Custom Metadata Model in EDC

Version 2

    What’s a model?

     

    In EDC, you can define models to represent metadata coming from different systems. There are predefined models in the catalog that are used to load metadata for supported sources.

    The predefined models can also be reused to define new model by extension or derivation (an object class can have a superclass), or to simply define new resource types to allow bringing the metadata via CSV files for unsupported metadata sources.

     

    One of the models that can be reused easily if the core model. It defines principal classes allowing to represent most of the metadata sources is the core model.

     

    EDC Core Model

     

    The core model is the base for many of the scanner allowing use to represent most of the datastore type of sources (relational databases, file systems, etc)

    • Data Source is the main container (e.g. Database, root dir)
    • Data Set is the entity that holds the data (e.g. Table, View, Files)
    • Data Element is the individual information storage (e.g. fields, attributes, etc)

    Lineage link are relationship that define data movement

    • DataSourceDataFlow, lineage link between 2 data sources
    • DataSetDataFlow, lineage link between 2 data sets
    • DirectionalDataFlow, lineage link between 2 data elements

    Other relationships can be parent-child relationship, or other type of relationship

    • DataSourceDataSet, parent child relationship between data source and data set
    • DataSetDataElement, parent child relationship between data set and data element
    • PkFkRelatedDataSets, JoinRelatedDataSets, LookupRelatedDatasets are relationship used to represent primary key, foreign key relationship between data sets, data sets related as join together in a mapping or used as a lookup to enriched data.

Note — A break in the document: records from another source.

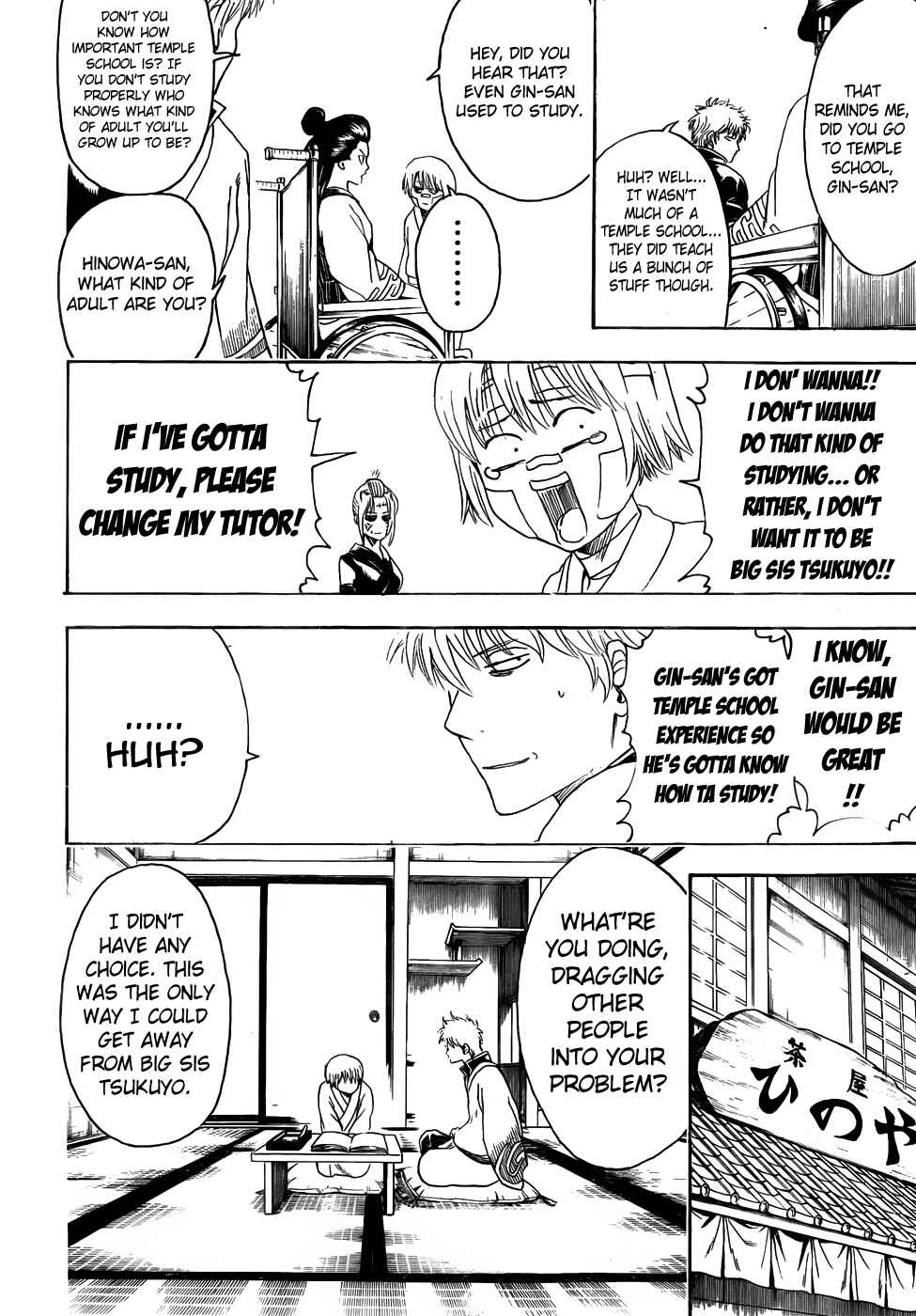 Chapter 417 - Page 6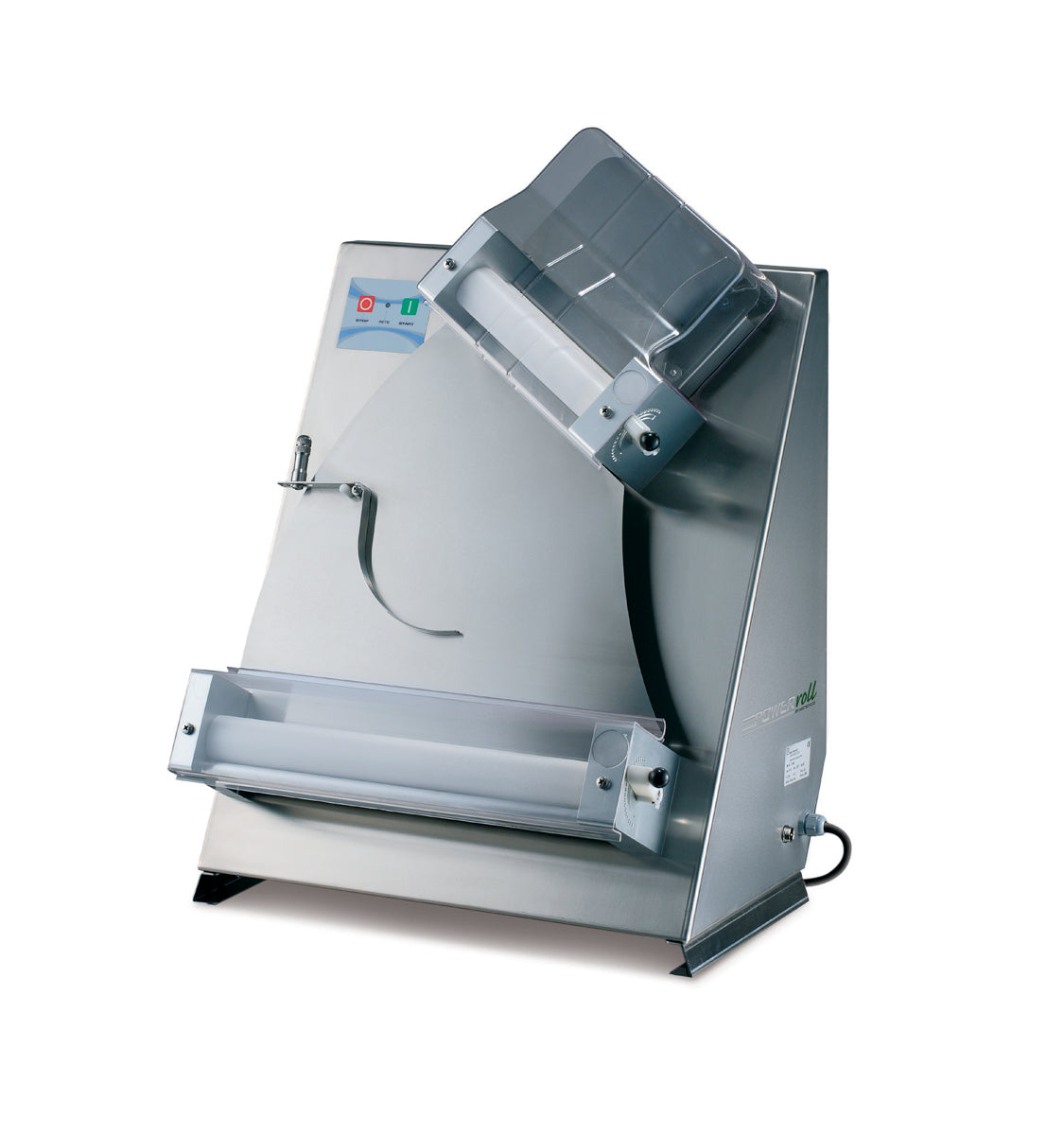 Mecnosud Dough Roller 40cm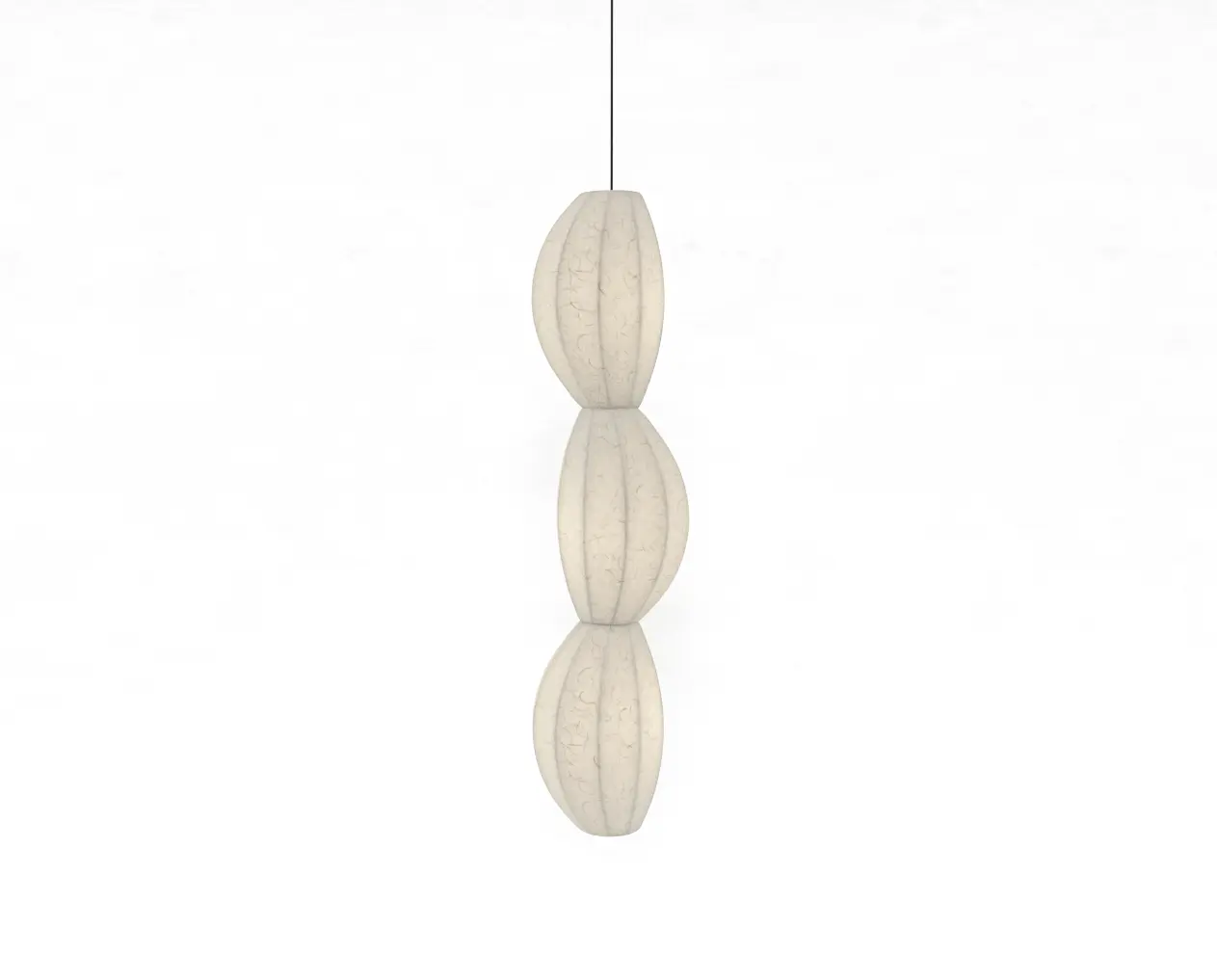 PENDENTE LI VERTICAL 3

    Deriving classes from the core model will allow to benefit from features available for the core model.

    • Attributes defined for the core model classes
    • DataSet class has certifications, reviews and comments, questions and answers capabilities

    The model definitions are available in the EDC administration UI, by going on the page manage > models. You can also download the model definition XML by selecting a model and clicking on the export button.The model XML definition file contains all the information required to define the model in the catalog. It contains:

    • Model (package) information (name, description, version)
    • Classes available in the model
    • Attributes associated with each the classes
    • Associations between the classes defined in the model.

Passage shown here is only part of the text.